あまり大幅な引用はしたくないし、かといってピンポイントすぎると幾らでも本文の意図と流れを無視した誤誘導できない事もないし、対談の切り出しは思ったより難しかった……という事で、なんか足かけ一ヶ月ぐらいかかっている事にトラックバック頂いて気が付きました(笑)
しかしまあ、こういうのはやってみないとわからないし、やって色々わかる事もあり、とりあえず、“自分が騙されないための勉強”にはなるなぁ。

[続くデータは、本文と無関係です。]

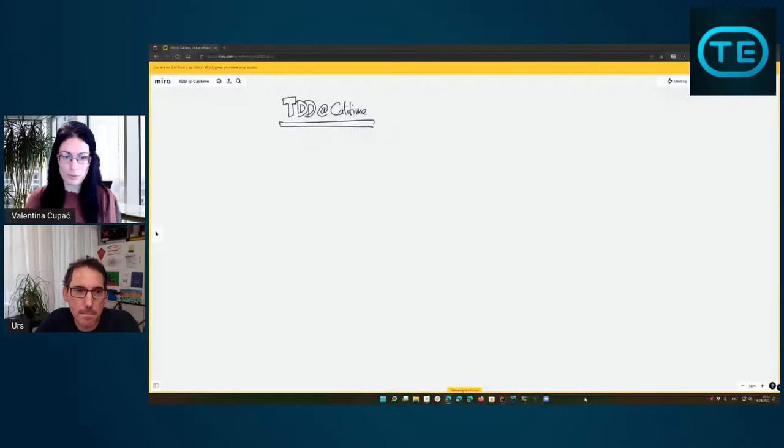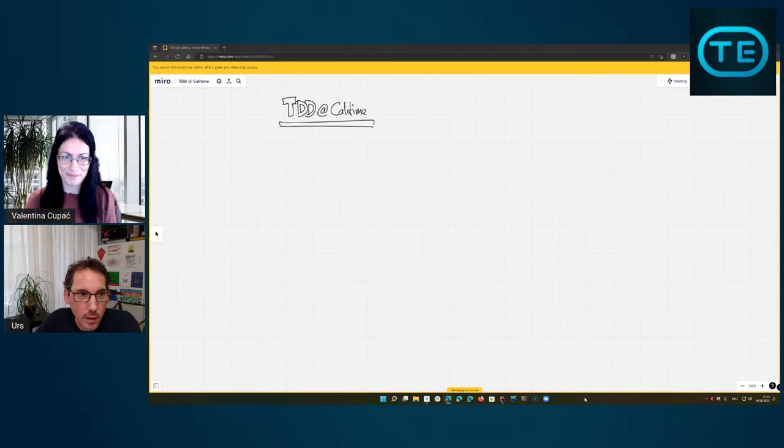Feel free to write any questions you have at any time in the chat — we'll go through questions after the session. The first topic we want to look at is a short introduction regarding the architecture and an outline of where tests fit within that architecture, both the higher and the lower level tests.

安彦 さっき富野さんは、もう漫画ファン、アニメファンに対してという考え方を卒業しろとおっしゃったけど、卒業するもしないもガンダムの影響というのは、随分前からアニメの範疇を越えてるんだよね。もう二次的な影響さえある。
(中略)
つまり本来のサブカルのエリアを超えちゃったのね。なぜ超えたのかというのを、これから話し合っていきたいと思うんだけど…。



その回答は簡単です。コモンセンスで作ったからです。

分かりやすく言うと、右翼でも左翼でもなくニュートラルを貫いたんです。

子供が見るかもしれないんだから、絶対に右にも左にもブレないという覚悟を持って作ったんです。
しばらく、富野の語るコモンセンスと、安彦さんの語る時代性・世代論の話。

自分が子供向けの作品を作らなきゃいけないという立場に立たされたときに、さあどうしようって初めて考えたんですね。そのときに、ある文章と出会って、僕は命拾いしたんです。それはこういう文章です。
「目の前の子供に向かって、あなたにとってこはとても大事なことなんだよということを、大人が一生懸命話すことができれば、そのときに全部を理解できなくても、その子は絶対にその話を思い出してくれる」というものです。これに一つだけ条件を加えると、このことは今の君やあなたが知らなければならないことだ、気をつけなくちゃいけないことだという、その芯の話をすれば――です。
この話も過去に何かで読んだ記憶があるので、富野の創作の根の一つのようです。

僕、学識がないと同時にSFも知らないんですよ。SFが分からないの。
これは安彦氏も即座に「ウソでしょ」と突っ込んでますが、個人的にも意外。以前もどこかでそう書いていたような記憶はあるのですが、それこそ嘘だと思っていたので(笑) でも改めて言っているから本当なのだろうなぁ……まあ、“SF”と言ってもどの辺りの事を指しているのか、というのはありますが。
一SF読みの感触からすると、富野には欧米の40〜50年代SFのフィードバックというのは感じるのですが、直裁的な影響というよりはむしろ、一種のシンクロニティなのかなぁ。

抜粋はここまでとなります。